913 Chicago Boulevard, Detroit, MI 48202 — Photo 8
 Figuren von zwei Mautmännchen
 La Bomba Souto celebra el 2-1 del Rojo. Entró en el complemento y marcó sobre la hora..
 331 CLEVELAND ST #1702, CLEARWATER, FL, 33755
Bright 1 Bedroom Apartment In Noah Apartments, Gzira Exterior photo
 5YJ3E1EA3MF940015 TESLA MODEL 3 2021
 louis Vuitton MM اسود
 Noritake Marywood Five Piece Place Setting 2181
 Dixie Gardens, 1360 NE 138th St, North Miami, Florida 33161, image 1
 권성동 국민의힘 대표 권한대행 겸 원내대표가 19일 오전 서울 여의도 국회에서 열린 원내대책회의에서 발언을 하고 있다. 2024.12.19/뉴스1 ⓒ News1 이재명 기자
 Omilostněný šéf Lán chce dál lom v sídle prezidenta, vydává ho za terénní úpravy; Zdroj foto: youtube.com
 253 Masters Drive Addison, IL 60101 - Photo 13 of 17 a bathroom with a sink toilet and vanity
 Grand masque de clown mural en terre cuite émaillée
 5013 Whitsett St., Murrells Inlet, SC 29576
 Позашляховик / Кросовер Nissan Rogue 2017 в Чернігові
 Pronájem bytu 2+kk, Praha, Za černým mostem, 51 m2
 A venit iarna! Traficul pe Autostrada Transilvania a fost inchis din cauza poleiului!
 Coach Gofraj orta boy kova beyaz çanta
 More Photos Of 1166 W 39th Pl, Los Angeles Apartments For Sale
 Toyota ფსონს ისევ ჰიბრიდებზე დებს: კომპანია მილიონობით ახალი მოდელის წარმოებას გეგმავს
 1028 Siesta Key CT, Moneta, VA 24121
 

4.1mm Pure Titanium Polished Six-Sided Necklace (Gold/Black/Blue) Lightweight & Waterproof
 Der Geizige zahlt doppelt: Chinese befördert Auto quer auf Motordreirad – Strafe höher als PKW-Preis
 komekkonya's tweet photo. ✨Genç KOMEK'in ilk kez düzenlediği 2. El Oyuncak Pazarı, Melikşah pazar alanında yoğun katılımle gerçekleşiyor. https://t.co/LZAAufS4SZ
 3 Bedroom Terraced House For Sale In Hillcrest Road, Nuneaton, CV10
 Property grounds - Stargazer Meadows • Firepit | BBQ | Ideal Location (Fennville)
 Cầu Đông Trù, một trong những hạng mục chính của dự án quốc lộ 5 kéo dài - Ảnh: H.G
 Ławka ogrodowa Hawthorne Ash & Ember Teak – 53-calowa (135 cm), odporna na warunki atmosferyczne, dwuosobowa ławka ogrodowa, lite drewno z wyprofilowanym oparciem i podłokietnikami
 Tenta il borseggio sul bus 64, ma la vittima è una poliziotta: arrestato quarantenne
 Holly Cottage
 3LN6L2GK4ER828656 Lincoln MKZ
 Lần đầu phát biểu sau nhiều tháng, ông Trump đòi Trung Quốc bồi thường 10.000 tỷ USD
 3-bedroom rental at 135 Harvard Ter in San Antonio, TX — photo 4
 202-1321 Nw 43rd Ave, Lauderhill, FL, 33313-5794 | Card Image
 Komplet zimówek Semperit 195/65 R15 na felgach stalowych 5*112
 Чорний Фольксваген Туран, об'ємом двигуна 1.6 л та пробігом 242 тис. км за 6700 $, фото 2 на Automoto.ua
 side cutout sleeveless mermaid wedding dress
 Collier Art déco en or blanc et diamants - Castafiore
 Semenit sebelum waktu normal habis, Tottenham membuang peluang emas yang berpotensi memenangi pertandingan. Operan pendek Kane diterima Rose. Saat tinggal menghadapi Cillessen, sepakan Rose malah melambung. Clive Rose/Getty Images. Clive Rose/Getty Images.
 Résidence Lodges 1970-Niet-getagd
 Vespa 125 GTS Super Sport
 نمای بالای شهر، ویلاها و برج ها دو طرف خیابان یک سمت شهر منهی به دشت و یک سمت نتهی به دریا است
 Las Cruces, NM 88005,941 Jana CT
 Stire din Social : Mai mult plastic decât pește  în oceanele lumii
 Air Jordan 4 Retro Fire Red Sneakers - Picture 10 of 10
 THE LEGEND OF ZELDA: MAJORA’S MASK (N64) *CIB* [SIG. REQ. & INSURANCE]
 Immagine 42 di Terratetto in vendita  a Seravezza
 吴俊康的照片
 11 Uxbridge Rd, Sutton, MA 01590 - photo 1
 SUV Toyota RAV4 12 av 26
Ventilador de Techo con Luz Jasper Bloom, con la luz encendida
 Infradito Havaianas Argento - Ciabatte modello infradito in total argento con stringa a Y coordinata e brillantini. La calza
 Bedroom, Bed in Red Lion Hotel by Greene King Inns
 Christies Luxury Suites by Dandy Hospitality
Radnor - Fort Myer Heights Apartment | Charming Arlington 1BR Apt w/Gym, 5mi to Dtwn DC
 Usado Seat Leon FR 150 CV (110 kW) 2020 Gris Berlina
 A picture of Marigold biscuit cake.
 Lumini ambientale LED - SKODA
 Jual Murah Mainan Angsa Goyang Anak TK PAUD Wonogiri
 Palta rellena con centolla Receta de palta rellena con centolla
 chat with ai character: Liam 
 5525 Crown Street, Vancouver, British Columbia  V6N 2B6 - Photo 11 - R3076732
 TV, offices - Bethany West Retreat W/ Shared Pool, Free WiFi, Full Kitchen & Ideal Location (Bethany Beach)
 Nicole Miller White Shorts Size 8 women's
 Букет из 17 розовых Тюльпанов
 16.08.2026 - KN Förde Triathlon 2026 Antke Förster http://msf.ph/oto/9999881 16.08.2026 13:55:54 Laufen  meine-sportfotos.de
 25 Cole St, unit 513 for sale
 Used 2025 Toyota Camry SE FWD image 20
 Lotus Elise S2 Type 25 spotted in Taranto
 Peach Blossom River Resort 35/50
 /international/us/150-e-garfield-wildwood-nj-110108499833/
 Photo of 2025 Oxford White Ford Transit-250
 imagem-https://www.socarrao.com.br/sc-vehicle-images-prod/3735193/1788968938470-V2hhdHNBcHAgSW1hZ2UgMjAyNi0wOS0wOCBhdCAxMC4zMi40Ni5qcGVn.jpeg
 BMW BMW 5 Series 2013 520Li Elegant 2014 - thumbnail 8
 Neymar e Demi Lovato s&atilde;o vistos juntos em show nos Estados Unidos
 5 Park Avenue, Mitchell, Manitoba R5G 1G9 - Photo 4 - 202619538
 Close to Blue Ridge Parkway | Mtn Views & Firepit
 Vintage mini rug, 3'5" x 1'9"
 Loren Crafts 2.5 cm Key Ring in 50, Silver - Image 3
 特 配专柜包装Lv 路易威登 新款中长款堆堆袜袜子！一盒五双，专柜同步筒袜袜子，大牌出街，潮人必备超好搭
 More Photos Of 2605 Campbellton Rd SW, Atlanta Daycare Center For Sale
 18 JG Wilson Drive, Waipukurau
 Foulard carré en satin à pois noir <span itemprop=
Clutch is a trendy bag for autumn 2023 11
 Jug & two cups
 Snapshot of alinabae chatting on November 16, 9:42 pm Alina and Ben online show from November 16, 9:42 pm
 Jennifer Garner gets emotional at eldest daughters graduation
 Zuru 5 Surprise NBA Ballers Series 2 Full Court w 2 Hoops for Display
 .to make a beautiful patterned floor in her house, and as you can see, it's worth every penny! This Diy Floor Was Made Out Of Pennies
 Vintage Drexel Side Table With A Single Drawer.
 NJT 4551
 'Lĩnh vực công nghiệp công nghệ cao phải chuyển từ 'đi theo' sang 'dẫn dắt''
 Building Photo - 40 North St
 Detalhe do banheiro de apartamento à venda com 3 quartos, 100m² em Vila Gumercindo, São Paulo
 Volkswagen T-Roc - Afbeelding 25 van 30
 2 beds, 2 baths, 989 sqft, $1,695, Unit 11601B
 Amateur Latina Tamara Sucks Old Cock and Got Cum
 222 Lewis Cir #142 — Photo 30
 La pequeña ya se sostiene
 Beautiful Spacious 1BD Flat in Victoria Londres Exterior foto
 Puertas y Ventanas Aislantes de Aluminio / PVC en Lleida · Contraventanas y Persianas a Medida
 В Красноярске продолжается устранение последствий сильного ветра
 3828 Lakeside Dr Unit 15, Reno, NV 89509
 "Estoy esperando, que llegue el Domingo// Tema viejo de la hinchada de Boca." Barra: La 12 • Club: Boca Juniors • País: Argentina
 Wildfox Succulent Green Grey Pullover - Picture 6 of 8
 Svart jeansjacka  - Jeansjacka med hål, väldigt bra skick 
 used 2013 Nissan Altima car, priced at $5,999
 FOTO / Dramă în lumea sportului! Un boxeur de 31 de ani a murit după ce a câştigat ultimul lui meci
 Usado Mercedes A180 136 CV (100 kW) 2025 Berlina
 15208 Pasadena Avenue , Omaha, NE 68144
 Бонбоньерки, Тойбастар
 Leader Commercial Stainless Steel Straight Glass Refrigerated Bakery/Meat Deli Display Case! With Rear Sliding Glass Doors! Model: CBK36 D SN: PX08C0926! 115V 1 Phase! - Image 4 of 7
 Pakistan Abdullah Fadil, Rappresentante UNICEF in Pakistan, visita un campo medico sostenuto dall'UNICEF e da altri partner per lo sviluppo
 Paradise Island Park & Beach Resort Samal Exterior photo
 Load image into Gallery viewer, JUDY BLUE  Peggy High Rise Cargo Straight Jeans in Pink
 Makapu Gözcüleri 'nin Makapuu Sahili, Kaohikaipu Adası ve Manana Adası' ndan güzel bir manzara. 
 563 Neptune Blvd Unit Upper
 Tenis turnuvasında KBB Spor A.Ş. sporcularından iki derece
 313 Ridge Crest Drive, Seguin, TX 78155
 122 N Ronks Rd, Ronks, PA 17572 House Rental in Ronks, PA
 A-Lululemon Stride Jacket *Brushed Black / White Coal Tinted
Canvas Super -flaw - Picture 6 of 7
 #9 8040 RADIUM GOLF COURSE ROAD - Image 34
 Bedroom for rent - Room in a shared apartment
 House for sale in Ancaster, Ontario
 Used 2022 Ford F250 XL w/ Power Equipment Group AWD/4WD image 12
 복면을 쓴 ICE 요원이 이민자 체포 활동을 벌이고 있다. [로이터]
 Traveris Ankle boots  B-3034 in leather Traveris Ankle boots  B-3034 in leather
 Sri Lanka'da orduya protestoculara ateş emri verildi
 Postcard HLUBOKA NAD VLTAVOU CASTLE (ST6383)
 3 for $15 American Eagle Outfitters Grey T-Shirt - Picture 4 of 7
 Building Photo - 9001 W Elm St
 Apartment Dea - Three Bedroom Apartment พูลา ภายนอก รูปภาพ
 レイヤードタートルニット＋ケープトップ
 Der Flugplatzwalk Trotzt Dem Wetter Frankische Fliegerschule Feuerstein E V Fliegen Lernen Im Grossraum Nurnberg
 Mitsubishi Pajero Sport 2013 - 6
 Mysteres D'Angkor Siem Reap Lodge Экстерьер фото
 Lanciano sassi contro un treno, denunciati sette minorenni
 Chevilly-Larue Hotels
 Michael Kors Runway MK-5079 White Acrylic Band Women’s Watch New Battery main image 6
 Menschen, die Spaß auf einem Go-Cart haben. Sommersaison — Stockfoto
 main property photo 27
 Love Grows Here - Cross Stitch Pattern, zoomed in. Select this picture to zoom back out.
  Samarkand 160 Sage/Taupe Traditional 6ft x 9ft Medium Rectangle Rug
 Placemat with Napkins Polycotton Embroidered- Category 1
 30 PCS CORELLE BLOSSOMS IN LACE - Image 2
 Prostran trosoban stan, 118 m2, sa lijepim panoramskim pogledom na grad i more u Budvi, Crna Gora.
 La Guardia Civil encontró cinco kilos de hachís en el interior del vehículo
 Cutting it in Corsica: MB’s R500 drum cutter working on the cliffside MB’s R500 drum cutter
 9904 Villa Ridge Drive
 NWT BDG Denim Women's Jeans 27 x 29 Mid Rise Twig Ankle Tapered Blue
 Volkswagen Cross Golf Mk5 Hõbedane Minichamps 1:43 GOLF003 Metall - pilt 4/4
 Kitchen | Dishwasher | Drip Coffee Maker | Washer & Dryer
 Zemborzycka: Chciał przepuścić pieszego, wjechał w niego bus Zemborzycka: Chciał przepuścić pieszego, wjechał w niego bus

━━━━━━

__Instructions to follow__
Of the entries listed above, reproduce only the lines starting at the line containing "253 Masters Drive" and ending at the line containing "Coach Gofraj orta boy kova beyaz çanta". Include both, exactly as they stand.

__Finished exercise__
 253 Masters Drive Addison, IL 60101 - Photo 13 of 17 a bathroom with a sink toilet and vanity
 Grand masque de clown mural en terre cuite émaillée
 5013 Whitsett St., Murrells Inlet, SC 29576
 Позашляховик / Кросовер Nissan Rogue 2017 в Чернігові
 Pronájem bytu 2+kk, Praha, Za černým mostem, 51 m2
 A venit iarna! Traficul pe Autostrada Transilvania a fost inchis din cauza poleiului!
 Coach Gofraj orta boy kova beyaz çanta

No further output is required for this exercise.